List unhashable, but tuple hashable?
Mainly, because tuples are immutable. Assume the following works:
>>> l = [1, 2, 3]
>>> t = (1, 2, 3)
>>> x = {l: 'a list', t: 'a tuple'}
Now, what happens when you do l.append(4)
? You've modified the key in your dictionary! From afar! If you're familiar with how hashing algorithms work, this should frighten you. Tuples, on the other hand, are absolutely immutable. t += (1,)
might look like it's modifying the tuple, but really it's not: it simply creating a new tuple, leaving your dictionary key unchanged.
You could totally make that work, but I bet you wouldn't like the effects.
from functools import reduce
from operator import xor
class List(list):
def __hash__(self):
return reduce(xor, self)
Now let's see what happens:
>>> l = List([23,42,99])
>>> hash(l)
94
>>> d = {l: "Hello"}
>>> d[l]
'Hello'
>>> l.append(7)
>>> d
{[23, 42, 99, 7]: 'Hello'}
>>> l
[23, 42, 99, 7]
>>> d[l]
Traceback (most recent call last):
File "<stdin>", line 1, in <module>
KeyError: [23, 42, 99, 7]
edit: So I thought about this some more. You could make the above example work, if you return the list's id as its hash value:
class List(list):
def __hash__(self):
return id(self)
In that case, d[l]
will give you 'Hello'
, but neither d[[23,42,99,7]]
nor d[List([23,42,99,7])]
will (because you're creating a new [Ll]ist
.
Since a list is mutable, if you modify it you would modify its hash too, which ruins the point of having a hash (like in a set or a dict key).
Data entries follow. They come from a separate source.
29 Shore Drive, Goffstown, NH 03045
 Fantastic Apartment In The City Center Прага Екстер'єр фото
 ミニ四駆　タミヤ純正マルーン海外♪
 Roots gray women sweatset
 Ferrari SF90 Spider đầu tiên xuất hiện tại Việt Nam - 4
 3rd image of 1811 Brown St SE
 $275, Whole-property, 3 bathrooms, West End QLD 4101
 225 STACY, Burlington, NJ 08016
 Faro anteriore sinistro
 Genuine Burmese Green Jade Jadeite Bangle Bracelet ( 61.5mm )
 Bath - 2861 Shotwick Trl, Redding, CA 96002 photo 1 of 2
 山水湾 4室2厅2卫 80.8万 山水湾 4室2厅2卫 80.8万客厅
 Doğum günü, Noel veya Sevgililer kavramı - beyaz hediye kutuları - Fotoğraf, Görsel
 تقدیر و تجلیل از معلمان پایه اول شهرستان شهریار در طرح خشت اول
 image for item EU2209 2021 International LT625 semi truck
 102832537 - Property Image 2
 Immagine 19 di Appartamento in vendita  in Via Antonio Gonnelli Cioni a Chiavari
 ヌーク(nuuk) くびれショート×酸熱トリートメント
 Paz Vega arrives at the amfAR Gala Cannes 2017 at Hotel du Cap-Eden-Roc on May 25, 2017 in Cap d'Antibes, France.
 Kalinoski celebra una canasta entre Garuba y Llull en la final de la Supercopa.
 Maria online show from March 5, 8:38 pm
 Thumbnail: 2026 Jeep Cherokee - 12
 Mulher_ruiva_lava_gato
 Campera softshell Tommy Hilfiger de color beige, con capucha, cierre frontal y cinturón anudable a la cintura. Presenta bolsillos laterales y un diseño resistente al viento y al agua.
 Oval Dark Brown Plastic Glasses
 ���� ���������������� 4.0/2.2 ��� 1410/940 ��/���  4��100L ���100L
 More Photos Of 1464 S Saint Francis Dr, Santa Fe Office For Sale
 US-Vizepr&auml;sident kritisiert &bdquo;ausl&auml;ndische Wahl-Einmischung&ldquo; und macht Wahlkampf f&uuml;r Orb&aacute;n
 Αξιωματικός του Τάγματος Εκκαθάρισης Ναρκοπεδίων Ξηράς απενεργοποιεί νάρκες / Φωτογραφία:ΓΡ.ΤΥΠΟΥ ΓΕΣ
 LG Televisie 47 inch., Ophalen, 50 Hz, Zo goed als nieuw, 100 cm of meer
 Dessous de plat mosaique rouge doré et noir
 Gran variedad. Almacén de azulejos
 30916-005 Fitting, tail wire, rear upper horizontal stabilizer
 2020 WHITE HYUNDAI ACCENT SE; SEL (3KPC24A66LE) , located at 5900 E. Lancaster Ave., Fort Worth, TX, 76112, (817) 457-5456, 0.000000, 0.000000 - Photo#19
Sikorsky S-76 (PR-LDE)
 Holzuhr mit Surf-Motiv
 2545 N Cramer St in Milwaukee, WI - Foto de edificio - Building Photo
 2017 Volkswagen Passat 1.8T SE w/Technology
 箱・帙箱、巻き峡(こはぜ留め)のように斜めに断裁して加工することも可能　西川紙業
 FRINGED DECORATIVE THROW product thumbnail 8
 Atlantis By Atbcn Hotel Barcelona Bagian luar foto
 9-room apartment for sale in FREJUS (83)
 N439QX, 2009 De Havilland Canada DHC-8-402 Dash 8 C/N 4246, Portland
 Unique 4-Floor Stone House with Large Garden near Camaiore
Edit: I'm surprised this answer regularly get new upvotes, it was really quickly written. I feel I need to make it better now.
So the set and the dict native data structures are implemented with a hashmap. Data types in Python may have a magic method __hash__() that will be used in hashmap construction and lookups.
Only immutable data types (int, string, tuple, ...) have this method, and the hash value is based on the data and not the identity of the object. You can check this by
>>> a = (0,1)
>>> b = (0,1)
>>> a is b
False # Different objects
>>> hash(a) == hash(b)
True # Same hash
If we follow this logic, mutating the data would mutate the hash, but then what's the point of a changing hash ? It defeats the whole purpose of sets and dicts or other hashes usages.
Fun fact : if you try the example with strings or ints -5 <= i <= 256, a is b
returns True because of micro-optimizations (in CPython at least).